AG Holder Endorses Most of SAM’s Recommendations for Drug Offenders, Announces Support for Alternatives to Incarceration Like Re-Entry, Justice Reinvestment, Treatment
At a speech in front of the American Bar Association, Attorney General Holder introduces support for “Smart On Crime” initiatives that do not rely on incarceration – or legalization – to beat back drug-related crime.
August 12, 2013 – Project SAM (Smart Approaches to Marijuana), a national alliance calling for smart marijuana policies grounded in neither incarceration nor legalization, applauded the Attorney General today as he announced a major “Smart on Crime” initiative during a speech at the American Bar Association in San Francisco.
“With his speech today, the AG proved that legalization is not the definition of drug policy reform,” remarked SAM Director, former White House drug policy advisor Kevin Sabet. “We can make our drug policies better by focusing our resources on violent offenders and offering treatment and other diversionary programs for drug-offenders.”

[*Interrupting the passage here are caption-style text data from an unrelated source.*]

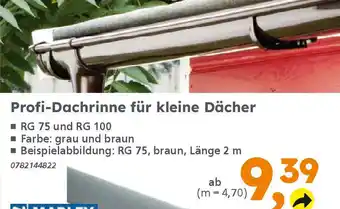 Globus Baumarkt Profi-Dachrinne für kleine Dächer Angebot
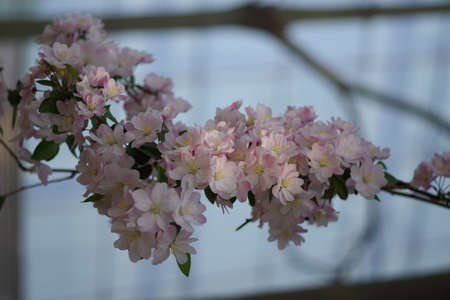 Light Pink Flowers of Japanese Apple in Full Bloom on a Spring Day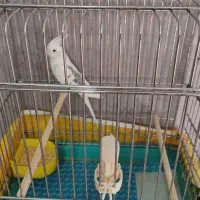 دوکت البینو|پرنده|قزوین, |دیوار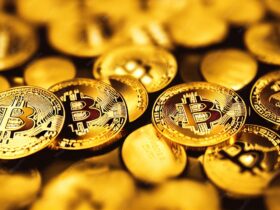 us treasury linked wallet shifts 1 billion in seized bitfinex hacker b A wallet that blockchain analytics platform Arkham tags as containing the Bitfinex hacker's seized Bitcoin transferred 12,267 BTC — roughly $1.01 billion — in a single transaction at 9:33 a.m. ET on Thursday. Almost the entire sum arrived at a fresh, unlabeled address, while 0.0012 BTC went separately to a second wallet.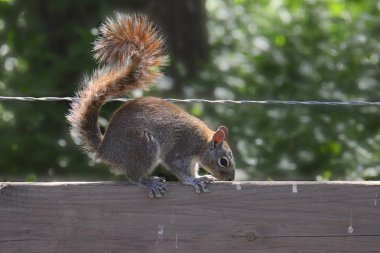 Arizona gri sincap (Sciurus arizonensis)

SAM noted that although most nonviolent drug offenders are convicted on the state, rather than federal, level, the AG’s comments can be looked upon as support for states that want to reduce their prison populations. Additionally, this is an opportunity to expand pre-trial drug courts, as discussed at length in a March New York Times article, “Outside Box, Federal Judges Offer Addicts a Free Path.” In that case, a prosecutor vacated a 29-year-old woman’s guilty plea of drug distribution and agreed to dismiss the charges if the woman did not use drugs or get arrested for 18 months. The woman began smoking marijuana, and later snorting cocaine, at a young age and was prosecuted for transporting drugs to the U.S. from her native Guyana. As part of the deal, the woman later took parenting courses, earned a general equivalency diploma and got a commercial bus driver’s license. She remains crime-free today.

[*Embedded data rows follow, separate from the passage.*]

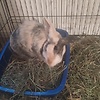 zach_56676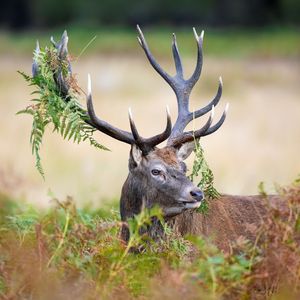 Image post by @animalplanet on Instagram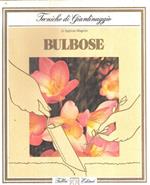 Bulbose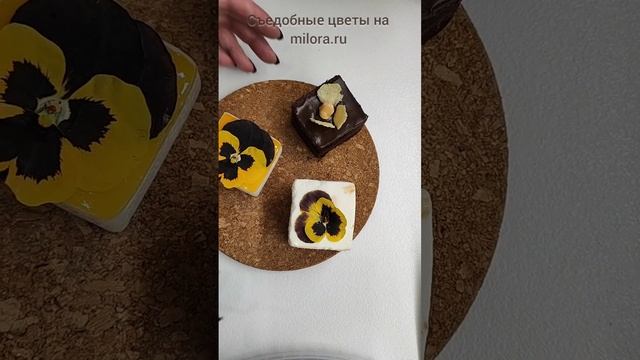 Съедобные цветы для декора блюд, выпечки, сыров, конфет и т.д. на milora.ru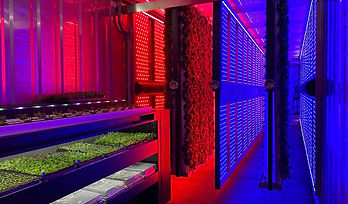 Inside a Container Farm!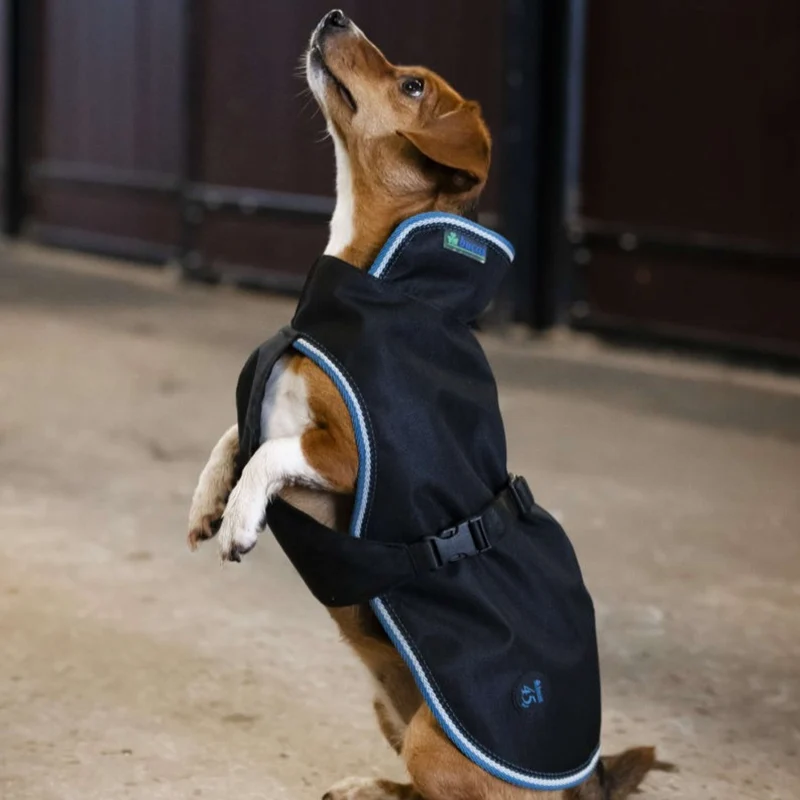 Bucas Anniversary Dog Rug Sapphire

“As a Federal judge who has presided over Drug Court at both the state and federal level, I applaud today’s announcement by the Attorney General. For over two decades Drug Courts have demonstrated beyond a reasonable doubt that we can cut crime, cut substance abuse and save money by placing non-violent, non-drug dealing, seriously addicted offenders in treatment instead of prison,” commented District Judge Keith Starrett, a federal judge for the United States District Court for the Southern District of Mississippi who also serves as the Chair of the National Association of Drug Court Professionals (NADCP). “As we have demonstrated in Mississippi, the Drug Court model can be applied in the federal system to ensure that federally charged offenders have the same opportunity to receive treatment and avoid incarceration. The initiatives outlined today open the door for Federal courts to further implement evidence-based practices and other alternatives, such as Drug Courts.”

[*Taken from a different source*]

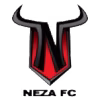 Toros Neza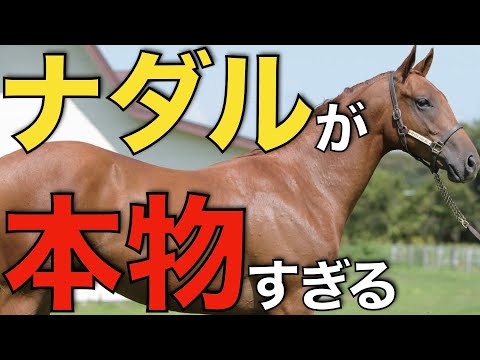 新種牡馬ナダルがあまりにも圧倒的！ついにリーディングでトップに躍り出る。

“Programs like drug courts, HOPE probation, and other related alternatives to incarceration both reduce crime and our reliance on prison – resulting in a net benefit for society,” remarked Sabet. “These drug policy reforms should be implemented on a wider scale today if we really want to see results.”
Project SAM is a bipartisan alliance of lawmakers, scientists, and other concerned citizens who want to move beyond simplistic dichotomies of “incarceration versus legalization” and instead focus on practical changes in marijuana policy that neither demonizes users nor legalize drugs. SAM was co-founded by former Congressman Patrick J. Kennedy. Former George W. Bush Speechwriter, Newsweek/Daily Beast columnist David Frum, Harvard Professor Sharon Levy, Denver Health’s Chris Thurstone, University of Kansas tobacco cessation specialist Kimber Richter, and former Obama and Bush advisor Kevin Sabet also serve on the board of SAM. SAM focuses on a “third way” approach to marijuana, and works with state partners to reach the local level.